It is repeatedly surprising to find vegetarian dishes offered only sparsely on serious restaurant menus, and sometimes still it feels a bit like a token offering, put together without a passion for taste. I mean, perhaps this is my misperception, but vegetarian doesn't have to mean wearing a hair shirt, or throwing complexity out the window.
So it is really welcome to have Monster, in the foyer of Ovolo Nishi, which was reincarnated not so long ago as an entirely vegetarian restaurant, which it will continue to be until October, when it completes its Year of the Veg challenge.
You would think others might have done this before now, but reflecting on the menu here at Monster, putting together an entire suite of dishes at restaurant level is perhaps more challenging than as it at first appears. Presumably there would also be some consumer resistance to the move. Think about the person you go out to dinner with, or the family or friends who most often accompany you. It seems unscientifically likely that at least one of them would be stumped and irritated by finding themselves at a vegetarian restaurant, perhaps even down the menu and leave. We, however, are very happy to be here, having left behind our prime meat eating years.
And pleasingly, there's not a hint of compromise or tokenism at Monster. Intensity and adventurism is the order of the day. This is perhaps best captured in the spaetzle ($25), little squiggly nuggety pieces of pasta, fried with wild mushrooms. It's served with gruyere and a runny egg to stir through, tartare style. This is intense, has loads of mouthfeel, and is a really likeable dish - except, to my taste, for the unsubtle truffle flavour which is quickly overwhelming.
A head of cauliflower ($32) is presented as a gentle curry, whole, cooked soft and appealingly charred.
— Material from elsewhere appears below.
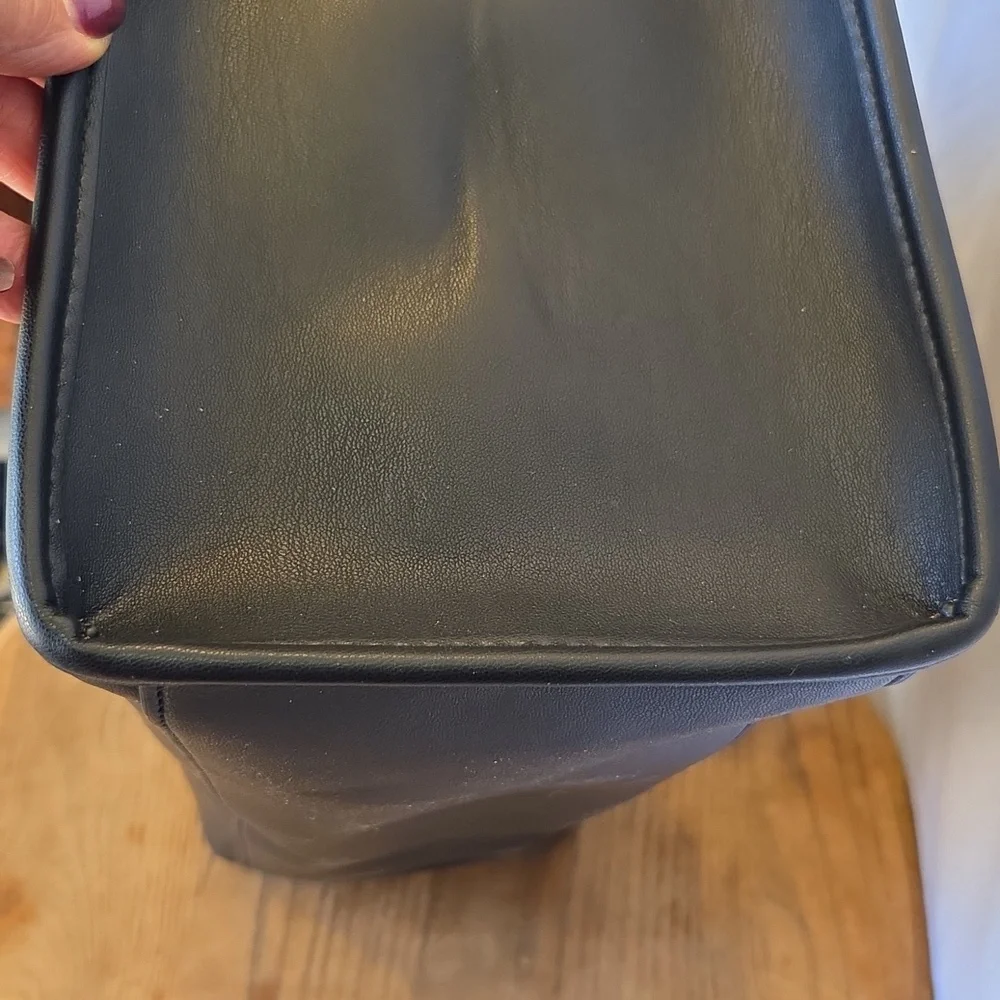 DKNY TINSLEY LOGO EMBOSSED SATCHEL BAG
It is sitting in a sweet coconut satay sauce with macadamias for crunch and served with a sour sambal which only partly offsets the sweetness. We like this dish and would return to it.
The broccolini ($9) is a stride too far. It's been nicely grilled collapsed and charred but the smokey flavour is overwhelming and detracts from the lovely simplicity of charred broccolini.
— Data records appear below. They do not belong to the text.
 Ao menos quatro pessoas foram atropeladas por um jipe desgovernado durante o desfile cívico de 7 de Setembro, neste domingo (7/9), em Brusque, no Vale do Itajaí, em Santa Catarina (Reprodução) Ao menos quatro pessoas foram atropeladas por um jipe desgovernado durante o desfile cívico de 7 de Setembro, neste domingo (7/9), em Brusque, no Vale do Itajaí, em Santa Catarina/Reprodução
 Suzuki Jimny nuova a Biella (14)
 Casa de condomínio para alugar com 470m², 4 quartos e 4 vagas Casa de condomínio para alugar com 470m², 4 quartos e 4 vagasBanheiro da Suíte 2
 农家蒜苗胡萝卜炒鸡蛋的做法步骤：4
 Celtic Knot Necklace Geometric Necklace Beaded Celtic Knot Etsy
There is a potato dish on the menu ($24), which would normally be firmly in my comfort zone. If I lived alone (not wishing it, just stressing) I would eat a diet consisting entirely of baked potatoes, yes, every night. Did you read the story about the 72-year-old farmer who would eat the same thing every day: two pieces of fish, one big onion, an egg, baked beans and a few biscuits, a pear, an orange and four sandwiches with paste. His uncle ate bread, butter, cheese and tea for breakfast, lunch and dinner.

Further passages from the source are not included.